Good day reader,
I pray you are doing well on this toasty Tuesday. Today’s entry is brought to you by a conversation I had with a dear friend in Iowa who also is in graduate school and happens to be blind. We were discussing what motivates us to keep on keeping on when all too often society either sets low expectations or flat out refuses to permit us to participate equally with our sighted peers all because we are blind. Whether it is parenting our children, accessing printed materials in school, finding employment or interacting with peers, we frequently have to be on our best game or at times face many criticisms. As much as I wish my blindness wasn’t a hindrance for others to get to know me, I have realized in some cases it truly is.

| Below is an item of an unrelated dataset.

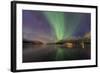 The Northern Lights Illuminates the Icy Sea, Troms-Roberto Moiola-Framed Photographic Print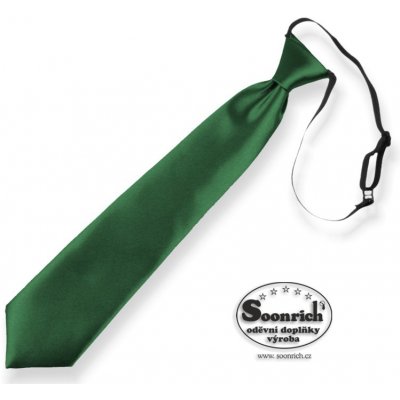 Soonrich kravata dětská tmavá zelená na gumičku kde019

While I welcome questions, it is frustrating when I am constantly told, “You can’t do this or that” because you are blind. The world sure has drastically changed for the better when it comes to attitudes toward blindness; however, we sure have a ways to go. We still have a high rate of unemployment to decrease, many blind children who deserve to be taught to read Braille along with a myriad of access issues to fight for. This week there are two blindness conventions taking place; resolutions will be passed, records will be broken and many will realize the truth in the motto “live the life you want.” The real work comes in when those attending leave the safety and comfort zone of the blindness realm.
Well, to answer the subject of this post: I respectfully agree to disagree with the above attitudes, misconceptions and disbeliefs of our abilities. Just as most would think it absurd to say your visual acuity ranks your worth in society, our limitations do not define us. Rather it is the people we are, the contributions we make with our lives and how we choose to use the gifts God has given us which truly matter.
I realize I have to work harder than my sighted peers, because, well the world is not designed with blindness in mind which is okay. (I am not saying this to be snarky). I went onto graduate school out of necessity since I was automatically eliminated from undergrad jobs because I could not drive. This may not be a popular thought but I believe as people who happen to be blind we have to prove ourselves a bit more than our sighted counterparts. Guess what? It is all good because the qualities of a hard work ethic, determination that we have cultivated are transferrable skills. This can be said for anyone, no matter how much sight you have or don’t have.
No matter where you are, no matter what challenge you are facing I implore you to agree to disagree, be brave and keep on stepping forward. If I can do it, so can you, my friend.
“Go back?” he thought. “No good at all! Go sideways? Impossible! Go forward? Only thing to do! On we go!” So up he got, and trotted along with his little sword held in front of him and one hand feeling the wall, and his heart all of a patter and a pitter.”